The problem
Copy exactly the line that contains "Timing of puberty" plus all remaining lines of the data, and leave out every line before it.

[Data excerpts]
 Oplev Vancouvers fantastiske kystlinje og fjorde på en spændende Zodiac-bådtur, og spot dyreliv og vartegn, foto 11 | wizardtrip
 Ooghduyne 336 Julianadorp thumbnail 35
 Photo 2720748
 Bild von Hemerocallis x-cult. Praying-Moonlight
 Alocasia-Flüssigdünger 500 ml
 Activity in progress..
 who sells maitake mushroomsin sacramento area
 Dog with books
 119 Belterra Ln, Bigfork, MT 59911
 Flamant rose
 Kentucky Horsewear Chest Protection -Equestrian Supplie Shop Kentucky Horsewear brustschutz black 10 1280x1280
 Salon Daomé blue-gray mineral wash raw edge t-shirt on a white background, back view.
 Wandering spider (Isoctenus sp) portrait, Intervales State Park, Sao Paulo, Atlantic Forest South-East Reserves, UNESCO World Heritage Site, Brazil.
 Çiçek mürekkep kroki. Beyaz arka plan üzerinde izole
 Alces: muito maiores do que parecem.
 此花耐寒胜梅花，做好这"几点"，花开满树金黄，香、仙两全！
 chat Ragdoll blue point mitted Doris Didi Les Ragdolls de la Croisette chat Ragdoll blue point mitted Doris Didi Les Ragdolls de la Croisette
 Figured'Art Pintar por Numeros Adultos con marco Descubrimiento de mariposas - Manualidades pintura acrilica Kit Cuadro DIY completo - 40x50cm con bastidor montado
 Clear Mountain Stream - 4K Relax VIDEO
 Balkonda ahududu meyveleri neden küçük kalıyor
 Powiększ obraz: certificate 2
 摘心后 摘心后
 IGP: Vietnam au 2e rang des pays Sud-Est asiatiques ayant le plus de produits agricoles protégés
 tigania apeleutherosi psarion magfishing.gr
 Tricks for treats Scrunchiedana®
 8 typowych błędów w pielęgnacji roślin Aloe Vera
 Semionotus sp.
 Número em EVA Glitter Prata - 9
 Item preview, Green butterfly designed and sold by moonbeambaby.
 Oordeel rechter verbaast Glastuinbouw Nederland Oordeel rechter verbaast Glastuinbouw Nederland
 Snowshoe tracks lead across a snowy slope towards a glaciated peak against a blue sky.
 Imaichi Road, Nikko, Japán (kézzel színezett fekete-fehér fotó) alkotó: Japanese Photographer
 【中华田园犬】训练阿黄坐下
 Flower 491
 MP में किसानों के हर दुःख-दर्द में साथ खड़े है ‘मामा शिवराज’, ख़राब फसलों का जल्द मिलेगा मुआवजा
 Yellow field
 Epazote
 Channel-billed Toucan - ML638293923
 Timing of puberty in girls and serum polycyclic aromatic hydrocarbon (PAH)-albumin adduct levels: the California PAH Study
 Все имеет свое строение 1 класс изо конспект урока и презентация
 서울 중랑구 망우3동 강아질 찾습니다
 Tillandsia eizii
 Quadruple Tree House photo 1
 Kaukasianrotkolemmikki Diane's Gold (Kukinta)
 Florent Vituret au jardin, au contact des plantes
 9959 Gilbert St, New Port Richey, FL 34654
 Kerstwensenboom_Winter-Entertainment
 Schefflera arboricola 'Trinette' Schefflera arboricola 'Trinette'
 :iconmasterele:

Response
 Timing of puberty in girls and serum polycyclic aromatic hydrocarbon (PAH)-albumin adduct levels: the California PAH Study
 Все имеет свое строение 1 класс изо конспект урока и презентация
 서울 중랑구 망우3동 강아질 찾습니다
 Tillandsia eizii
 Quadruple Tree House photo 1
 Kaukasianrotkolemmikki Diane's Gold (Kukinta)
 Florent Vituret au jardin, au contact des plantes
 9959 Gilbert St, New Port Richey, FL 34654
 Kerstwensenboom_Winter-Entertainment
 Schefflera arboricola 'Trinette' Schefflera arboricola 'Trinette'
 :iconmasterele:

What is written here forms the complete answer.